How about the huge number of current USPS employees who’d be out of a job? Well, the follow-on commercial entities that replace USPS functions would be well advised to hire the best and most experienced of the lot. As for the significant numbers of parasitic professional slackers and HR-benefits “mining experts”, to hell with them.
Now, as I said in my August 1 post, it need not come to that. Even without innovative new products and a dramatically better management framework, the USPS could soldier on as a much smaller organization, once again a part of the Federal government as it was before the 1971 “reform”, suited to a smaller clientele. I’d prefer that outcome from both a nostalgic Franklinian and philatelic perspective. But if it can’t even manage that, and ends up committing organizational suicide, my attitude now is, “so be it; rest in peace.”

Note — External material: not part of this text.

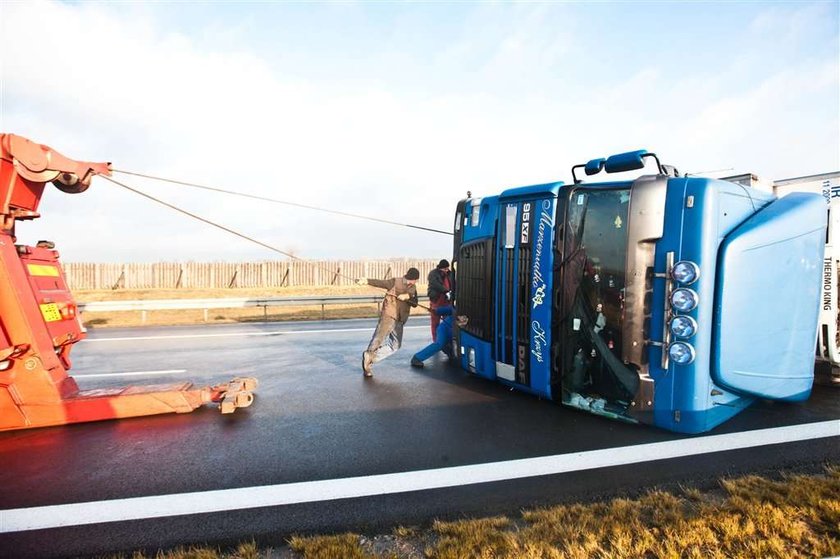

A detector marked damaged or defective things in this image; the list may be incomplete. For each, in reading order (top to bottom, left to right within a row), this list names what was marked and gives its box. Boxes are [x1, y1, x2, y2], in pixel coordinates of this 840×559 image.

overturned blue truck [452, 151, 828, 436] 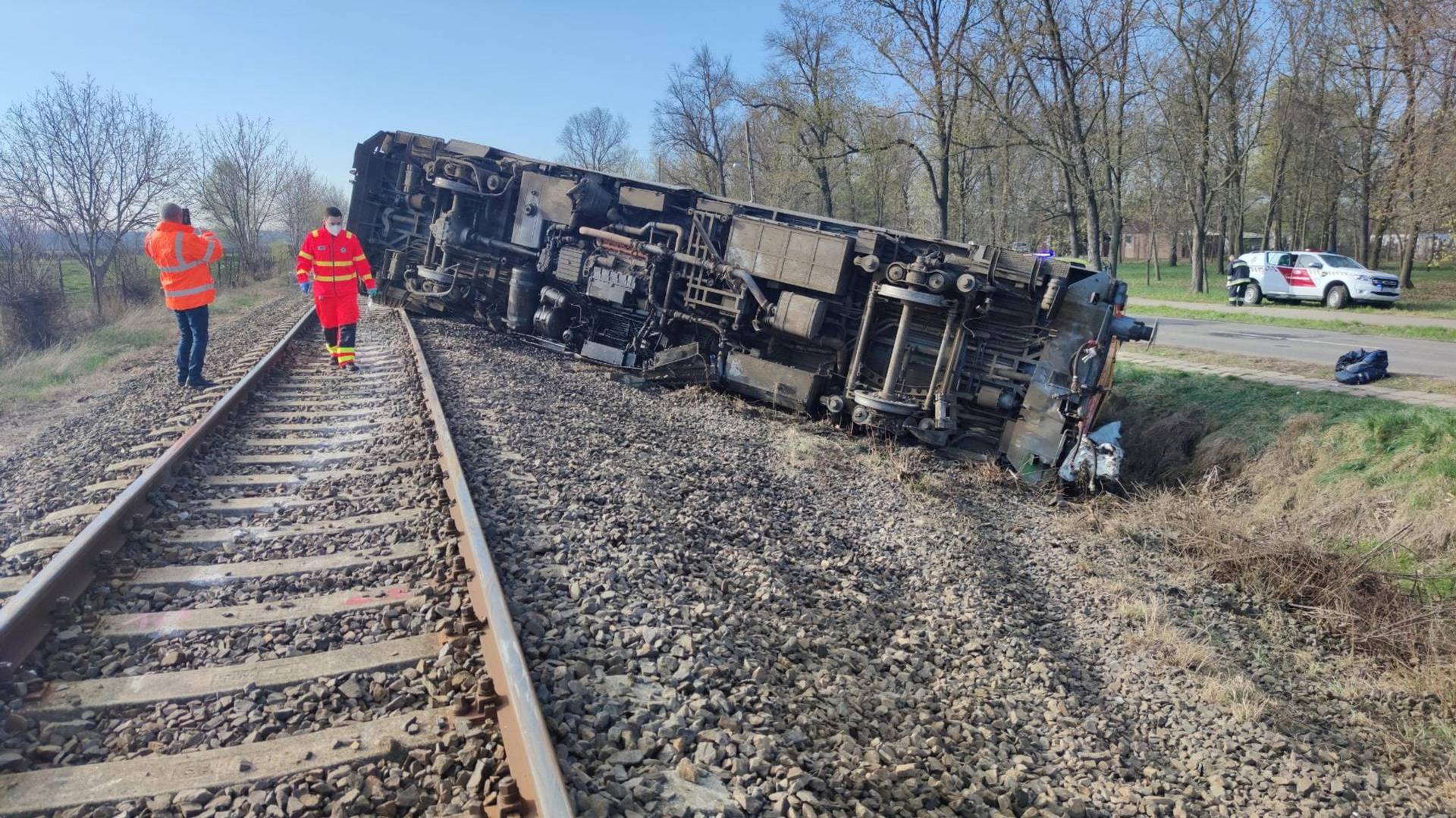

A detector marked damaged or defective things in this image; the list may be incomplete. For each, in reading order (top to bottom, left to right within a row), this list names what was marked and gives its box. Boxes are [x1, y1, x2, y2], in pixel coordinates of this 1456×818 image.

crushed vehicle [347, 131, 1153, 482]
crushed vehicle [1225, 250, 1401, 306]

Of course, we can’t let the USPS go belly up too suddenly, not least because there are many millions of dollars worth of unused postage out there in the hands of private individuals, who bought it in good faith as a narrow-usage form of legal tender whose value is based on government guarantee. People need to be able to use that postage to pay whatever private entities replace the USPS to carry the mail (and the private entities can then redeem the used postage from the government at face value or at some agreed percentage of face value—say for ten years). Either that and/or people need to be able to redeem that postage at face value for cash from agencies of the Federal government. That’s only fair—just like when FDR called in all the gold coins in 1933 (except that people then would have been loads smarter to melt it or just keep it, which is not the case with most postage stamps out there today).
So who needs Saturday delivery? Who really needs the USPS at all?